Now I don’t know for sure, but I think that should the writer of the Fourth Gospel have had the opportunity to read that scene from Shakespeare’s play, he would have said: “Ah, that’s it!”
That’s his theology, Deus Incognitus – God in disguise – God walking among the troops bringing healing and hope and courage. He says it in a remarkable sentence right in the middle of an amazing poem that begins with the words: “In beginning was the Word and the Word was with God and the Word was God.” But then, in verse fourteen, comes this startling sentence: “And the Word was made flesh and dwelled among us.” Deus Incognitus. God, Who is not what we are, became what we are, “pitched his tent among us” as the Greek puts it, sat down with us and warmed Himself by the fire. That’s a rather startling claim, if you think about it, God incarnate, the Word made flesh.In the ancient world, there was much speculation about the dynamic principle behind life, the – what shall we call it? – impulse which began it all. Before the Big Bang “banged” and before the Solid State “stated” the ancients believed there was this dynamic, life-generating principle they called, for lack of a “better word,” WORD, logos in the Greek. Rooted in the idea that words are a form of power with a vitality all their own, quite apart from the speaker who gives them voice, it was common stock in the ancient world to identify this vital principle with the word, spermatikos logos, the Stoics called it, the “seminal word.”

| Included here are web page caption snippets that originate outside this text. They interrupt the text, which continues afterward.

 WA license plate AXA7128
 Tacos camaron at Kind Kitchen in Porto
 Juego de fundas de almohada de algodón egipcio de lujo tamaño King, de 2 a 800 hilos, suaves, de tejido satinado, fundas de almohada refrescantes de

And you can understand why, can’t you? To say a word is to create a world. Anyone who’s been around a child learning language knows what I’m talking about. For children, words still have mystery about them; square corners and rough edges and bright colors. They haven’t yet worn them smooth with overuse and undervalue. They haven’t yet learned that words are just…well, words. We’ll teach them that. Rather, the child points and says:
“Coooow.”
“Yes, very good! It’s a cow.”
“Coooow.”
“That’s right, Honey, it’s a cow.”
“Coooow.”
“Yeah. It’s a cow.”
“Coooow.”
“It’s a cow! It’s a cow, for heaven’s sake!”
They can drive you crazy learning to put words to things. Part of it, I’m sure, is that they’re fascinated with sounds; they like to hear the sounds things “make.” But in a real sense things don’t really exist for children until they can put a word to them.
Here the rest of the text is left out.